++++ Task material ++++
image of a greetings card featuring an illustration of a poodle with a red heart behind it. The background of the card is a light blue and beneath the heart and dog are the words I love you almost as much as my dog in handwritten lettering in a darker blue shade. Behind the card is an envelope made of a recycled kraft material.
++++
++++ Task material ++++
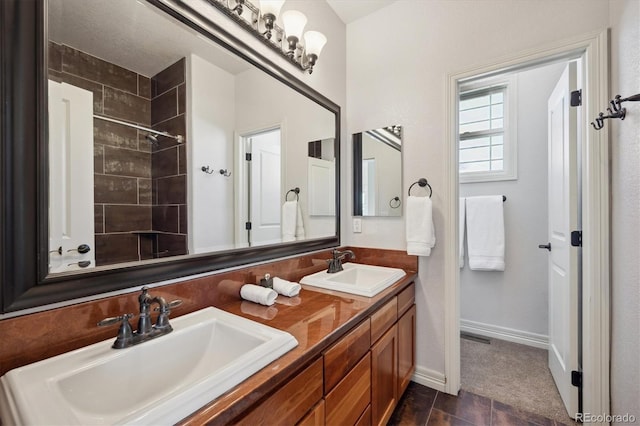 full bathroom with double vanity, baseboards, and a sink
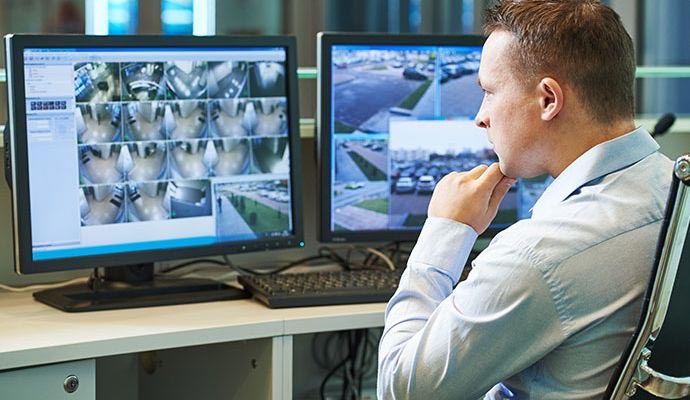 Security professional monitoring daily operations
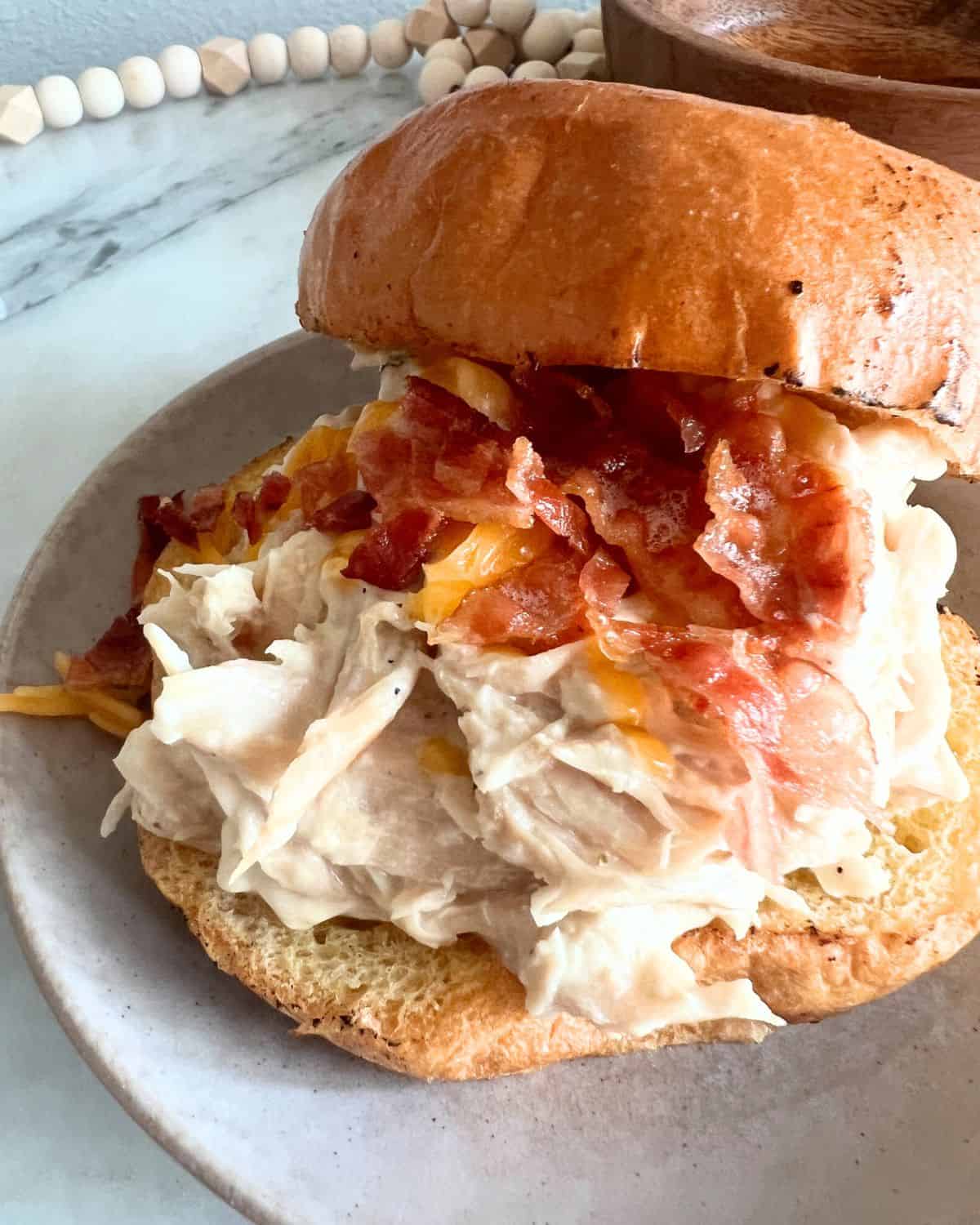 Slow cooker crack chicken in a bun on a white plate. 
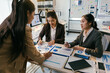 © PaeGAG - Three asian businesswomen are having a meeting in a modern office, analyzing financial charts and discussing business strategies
++++
* _Problem_
Write out word for word the lines above that run from the one with "full bathroom with" to the one with "Slow cooker crack". Include both end lines; exclude the images.

* _Written response_
 full bathroom with double vanity, baseboards, and a sink
 Security professional monitoring daily operations
 Slow cooker crack chicken in a bun on a white plate. 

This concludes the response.